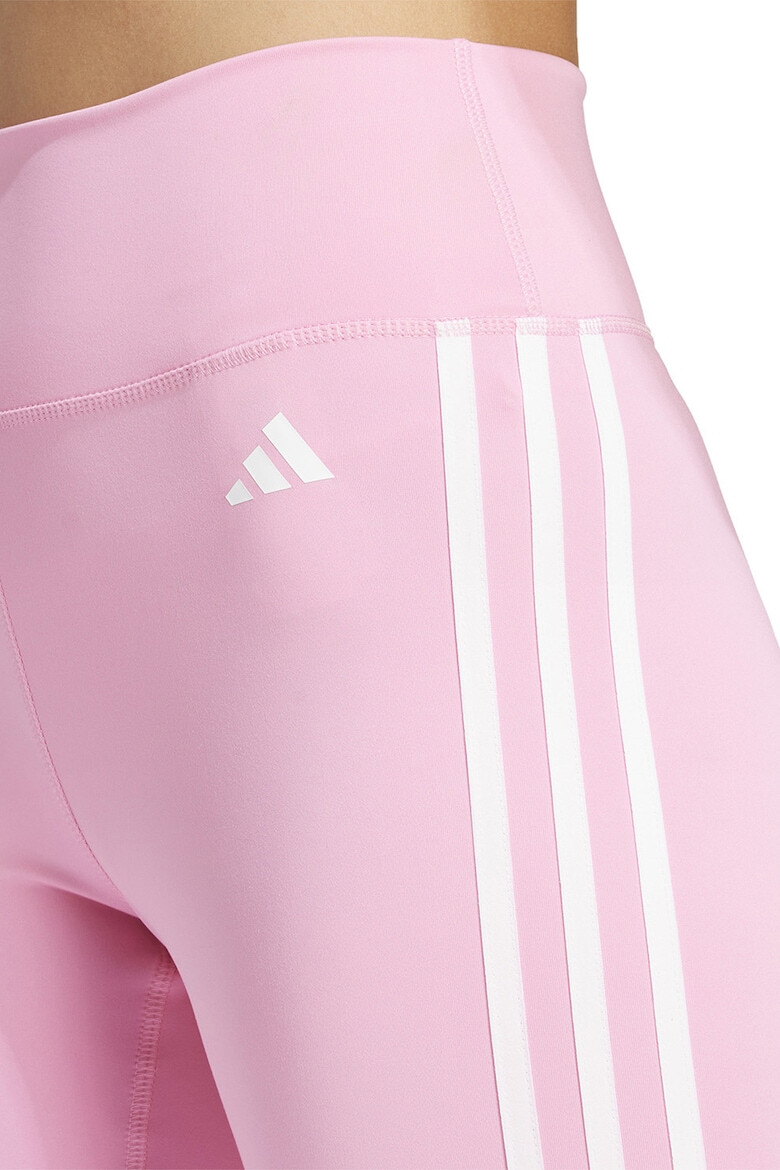 adidas Performance Фитнес клин Essentials с лого встрани - Pepit.bg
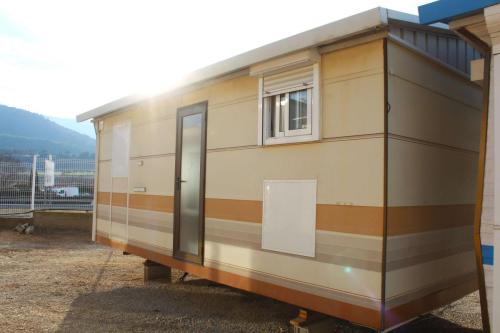 mobil-home-segunda-mano-galaxy-2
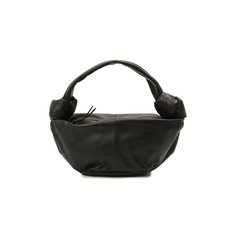 Сумка Double Knot mini Bottega Veneta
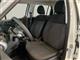 Billede af Hyundai Inster EL Standard Range Essential 97HK Aut.
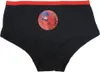 Miraculous Ladybug 3er Pack Unterhosen Slips 100% Baumwolle Produktbild-Vorschau 4
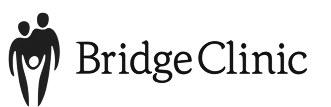 Bridge Clinic 1
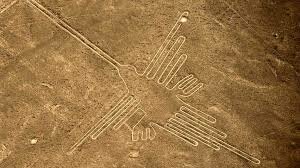 Cultura Nazca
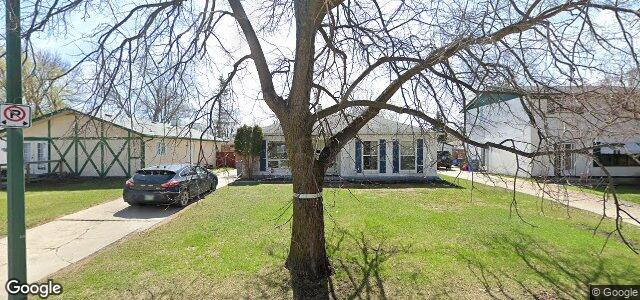 34 Laval Drive ਦੀ ਫੋਟੋ, ਵਿਨੀਪਿਗ, ਮੈਨੀਟੋਬਾ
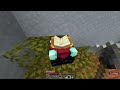 Talking with the MYSTERY MAN  ||  Minecraft: Project Intercept ep. 5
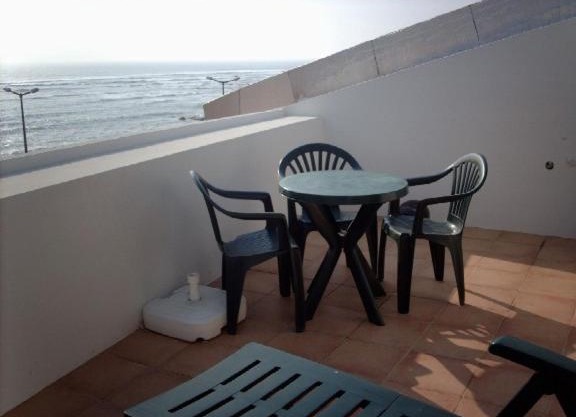 Casa da muralha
☆ ☆ ☆ ☆ ☆ ☆ ☆
REQUIRED WORK
The data must be repeated exactly. Any pictures in it are to be left out.

ANSWER FOR THE TASK
 adidas Performance Фитнес клин Essentials с лого встрани - Pepit.bg
 mobil-home-segunda-mano-galaxy-2
 Сумка Double Knot mini Bottega Veneta
 Billede af Hyundai Inster EL Standard Range Essential 97HK Aut.
 Miraculous Ladybug 3er Pack Unterhosen Slips 100% Baumwolle Produktbild-Vorschau 4
 Bridge Clinic 1
 Cultura Nazca
 34 Laval Drive ਦੀ ਫੋਟੋ, ਵਿਨੀਪਿਗ, ਮੈਨੀਟੋਬਾ
 Talking with the MYSTERY MAN  ||  Minecraft: Project Intercept ep. 5
 Casa da muralha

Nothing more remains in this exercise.